To process the data, ensure you have a `data.json` from [statmechsims](https://www.statmechsims.com/). This json will contain all of your simulation data. Say you have the following directory:

```console
af_ising/
└── data.json
```

In [1]:
# Import DataProcessor class
from vit4elm.data_processor import DataProcessor
import numpy as np

# Instantiate necessary parameters.
json_path = 'af_ising/data.json'
data_dir = 'af_ising'
test_size = 0.4

# Please ensure that the shape of custom_intervals is (n_bins, 2)
custom_intervals = np.array([
    [0, 2],
    [2, 3.33],    # Notice the funky boundary lengths
    [3.33, 3.55], 
    [3.55, 4]
])

# Instantiate DataProcessor
processor = DataProcessor(
    json_path, 
    data_dir, 
    custom_intervals=custom_intervals
)

# Let the processor process!
processor.process()

All the parameters of the `DataProcessor` class are as follows:

```python
        json_path:str, 
        data_dir:str, 
        n_bins:int=None, 
        custom_intervals:np.ndarray=None,
        stratified_shuffle:bool=True,
        test_size:float=0.4
```

If both `n_bins` and `custom_intervals` are `None`, then the class will raise an error. The goal is to allow you to choose between equidistant intervals set by the data in the simulations, or choose your own temperature boundaries.

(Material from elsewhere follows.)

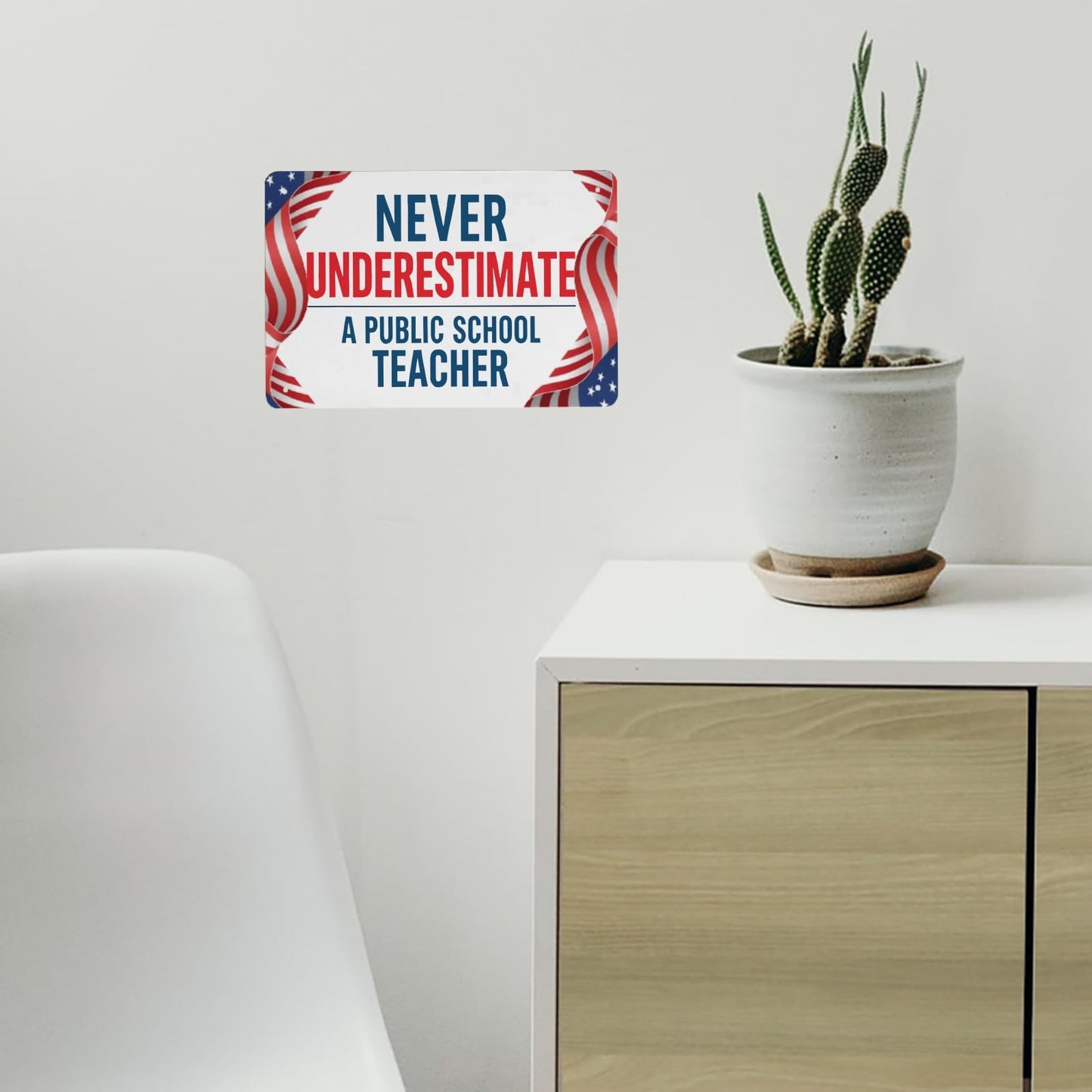 Public School Teacher Funny Tin Sign - Bathroom & Garage Decor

Should you decide to choose your own intervals/boundaries such as above, please ensure the min/max temperatures (0 and 4, in this example) line up with your simulation experiments.

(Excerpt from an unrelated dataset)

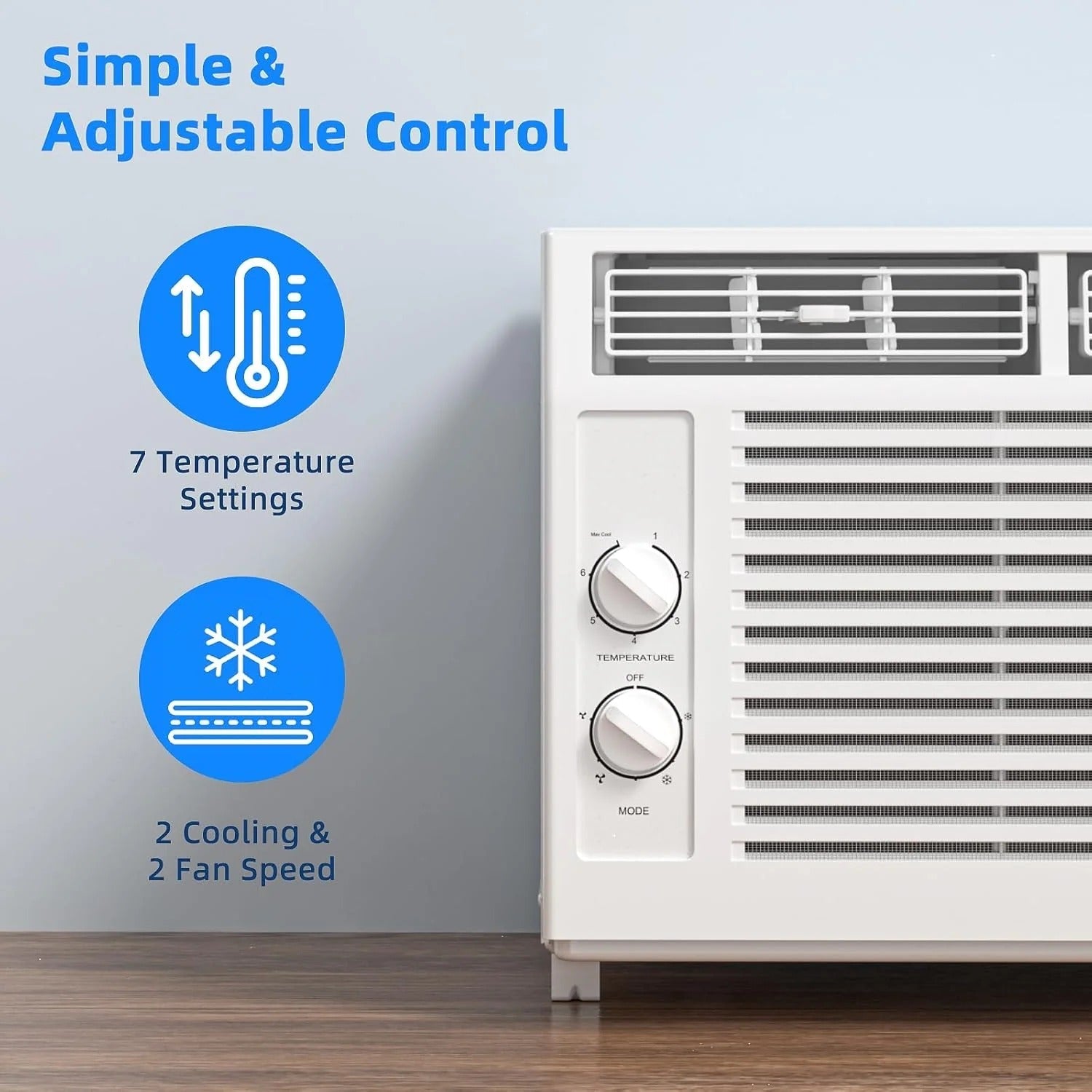 Antarctic Star 12,000 BTU U-shaped window air conditioner, cools rooms up to 550 square feet with 6 modes, 24-hour timer, ultra-quiet window air conditioner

However, if you want equidistant bins, you don't need to input `custom_intervals`, but rather `n_bins` as a parameter.

In [2]:
# We'll assume same json_path and data_dir
n_bins = 4

# Instantiate DataProcessor
processor = DataProcessor(
    json_path, 
    data_dir, 
    n_bins=n_bins
)

# Let the processor process!
processor.process()

## NOTE THAT RUNNING THESE CELLS BACK TO BACK WILL OVERLAP A LOT OF DATA. PLEASE DO NOT RUN BOTH TO PROCESS.

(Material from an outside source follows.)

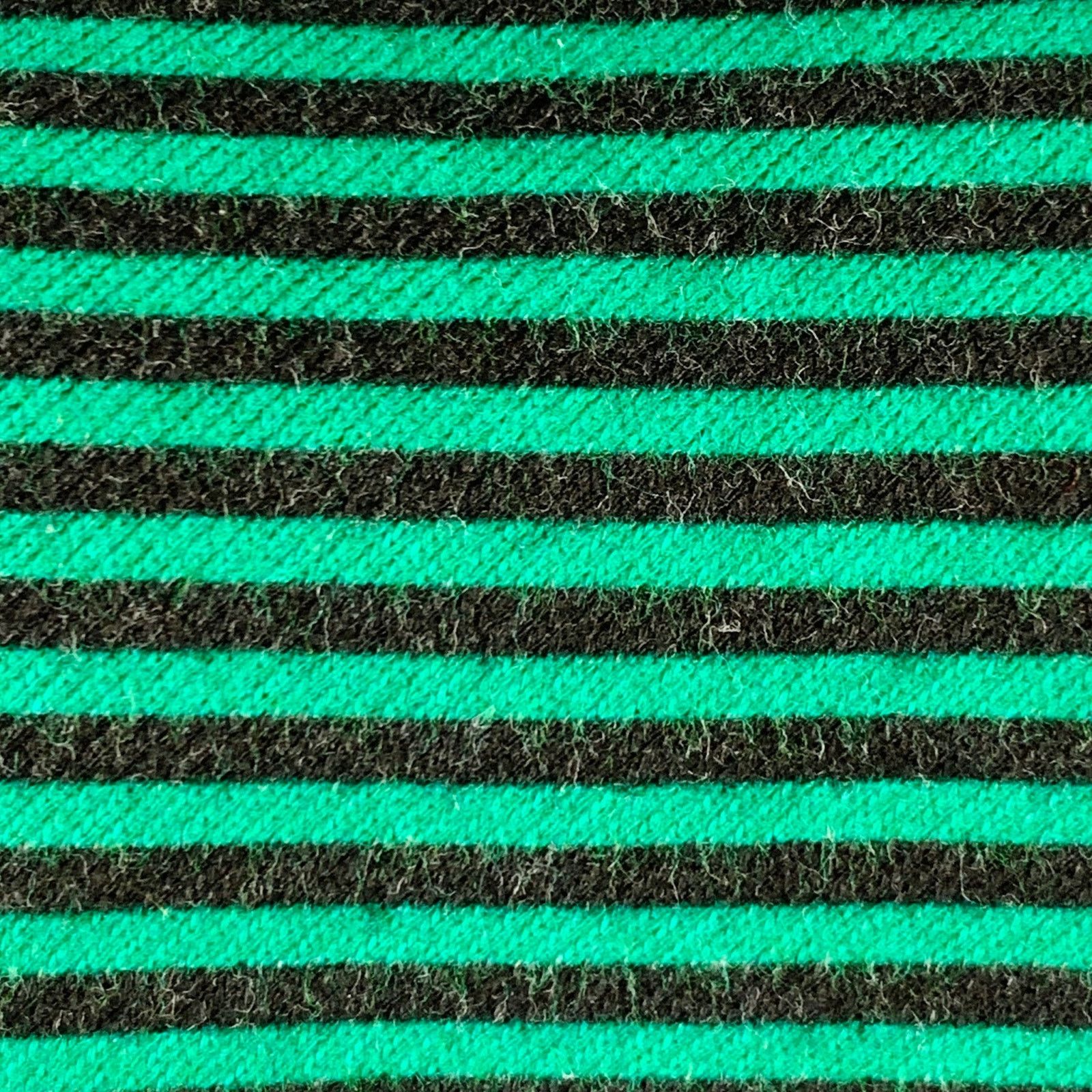 Adam Kimmel ADAM KIMMEL Green Black Stripe Cotton Skinny Tie Size ONE SIZE - 2 Thumbnail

The result of either of the calls will lead to a directory with the following structure.

```console
af_ising
├── csvs
│   └── data.csv
├── data
│   ├── bin0
│   ├── bin1
│   ├── bin2
│   └── bin3
├── data.json
└── experiments.json
```

The only difference between these is the boundaries that determine which image goes into which bin based off of the temperature. Again, this is assuming you want to bin into 4 bins. The `experiments.json` will be needed for instantiating a PyTorch dataset, so please do not delete it or alter anything in this directory.